My love affair with Jean-Pierre Melville continues. Le Cercle Rouge is his penultimate film, originally released in 1970; although the original 140-minute version, with subtitles, wasn't shown in the U.S. until a re-release in 2003.
The plot, convoluted in description but not so on the screen, concerns two men, the just-released from prison Corey, played by Alain Delon at his coolest, and the escaped prisoner Vogel, played by Gian Maria Volonte, volatile and loyal. Both are men of honor; Vogel, and consequently Corey, are pursued by the detective Mattei, played by Bourvil, another man of honor. Corey and Vogel resolve to pull off a big jewelry heist (echoes of Bob le Flambeur and his one last job), and they involve Jansen, a failed cop with a serious drinking problem, played by Yves Montand.
Melville's films are mesmerizing to watch, in part, because the characters who inhabit his world are so deliberate and focused. In Le Cercle Rouge, no man speaks any more words than he has to; there is no small talk because these men have no small concerns. Staying alive, with task accomplishment a close second, occupies each one of them.

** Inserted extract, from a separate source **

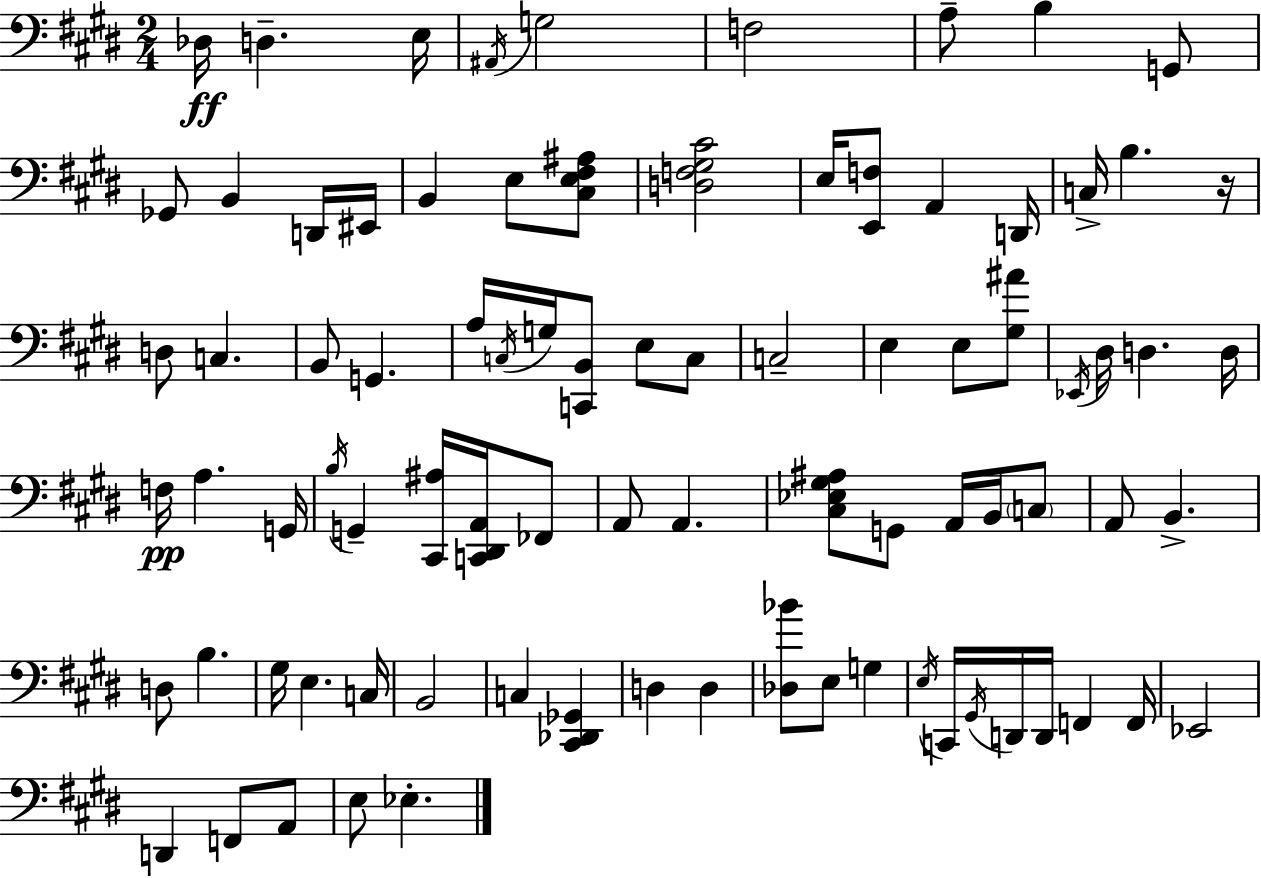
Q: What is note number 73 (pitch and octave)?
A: E3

The color cinematography is gorgeous. Deep colors predominate: the saturated green of a field in the mist, across which Vogel escapes; and the hallucinatory blue and green striped wallpaper of the bedroom in which Jansen has literal hallucinations (this is an incredible scene, with real bright green lizards and other beasties). The caper, pulled off in the early-morning light of the Place Vendome, is suspenseful and astonishingly silent (the men have nothing to say to each other; they know what to do).
All men are guilty, announces the police inspector general to Mattei: tous les hommes sont coupables. But, although his bleak view of the world shadows the film, it doesn't keep each man from upholding his honor (a long-held French ideal, ruptured by all that happened in World War II) as best he can. And each of the men, from Mattei, who loves his three cats and feeds them gently each night, to Corey, who has no fear of robbing a crime boss who stole Corey's girlfriend while he was in prison, has a humanity that endears him to us (all except for the inspector general, who seems no longer human).
As in Le Samourai, Melville uses a made-up quote from the Buddha to begin his film, something about men meeting in a red circle (it even sound fake). What is not fake is the conviction each character in this film has that he must live wholly in the moment, that he must uphold the honor of his chosen profession, be it policeman or thief, and that the world in which he does this will neither help nor hurt him--it will remain indifferent. Le Cercle Rouge is another completely absorbing and rewarding Melville film.